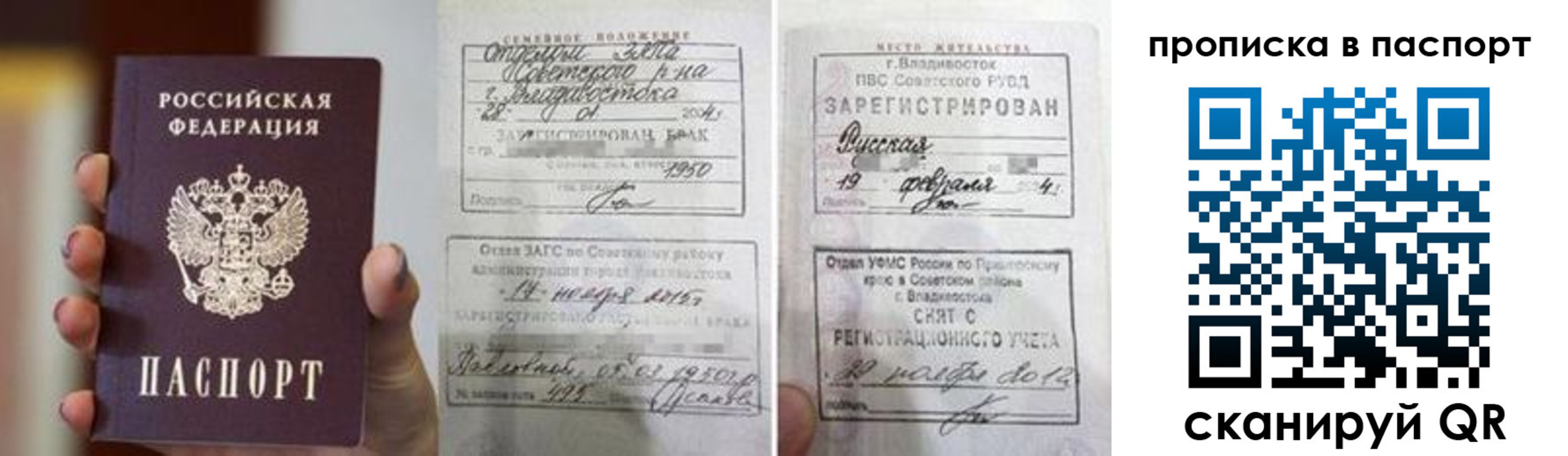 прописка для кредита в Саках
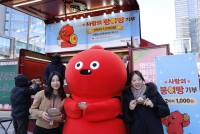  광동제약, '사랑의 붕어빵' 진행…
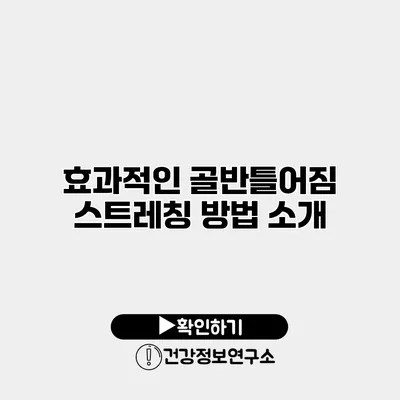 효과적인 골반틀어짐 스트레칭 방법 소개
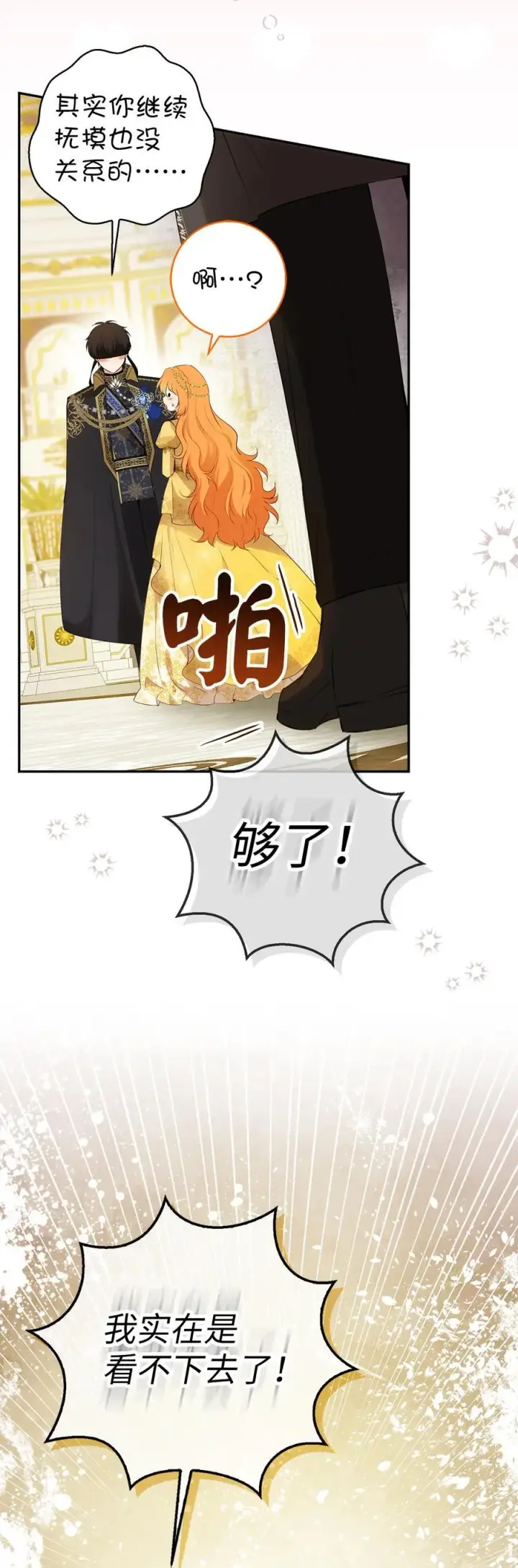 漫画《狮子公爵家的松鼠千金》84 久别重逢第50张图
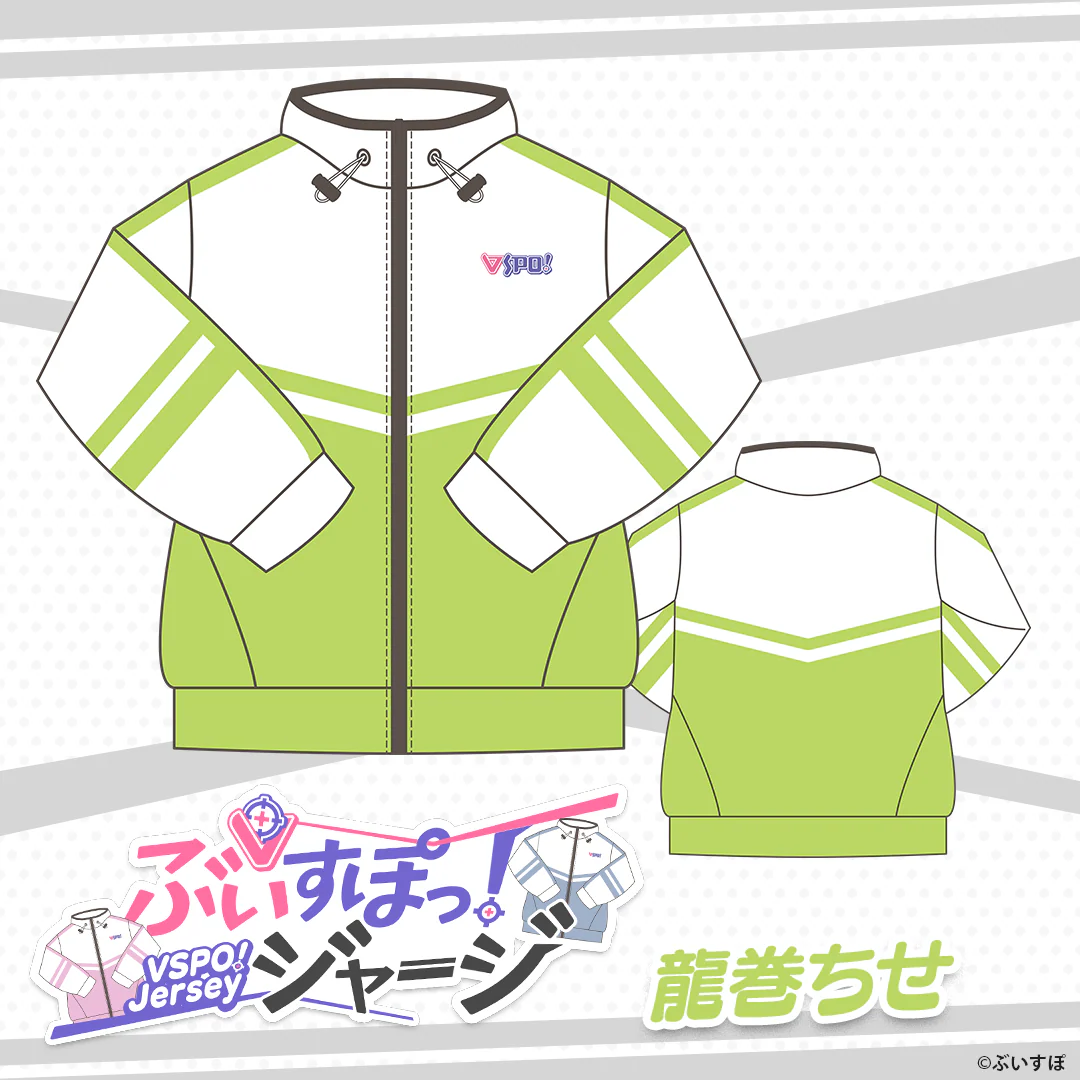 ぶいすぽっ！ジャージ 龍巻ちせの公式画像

************

▶ TRY IT:
Output every entry exactly. Pictures stay out.

▶ EXPECTED ANSWER:
 прописка для кредита в Саках
  광동제약, '사랑의 붕어빵' 진행…
 효과적인 골반틀어짐 스트레칭 방법 소개
 漫画《狮子公爵家的松鼠千金》84 久别重逢第50张图
 ぶいすぽっ！ジャージ 龍巻ちせの公式画像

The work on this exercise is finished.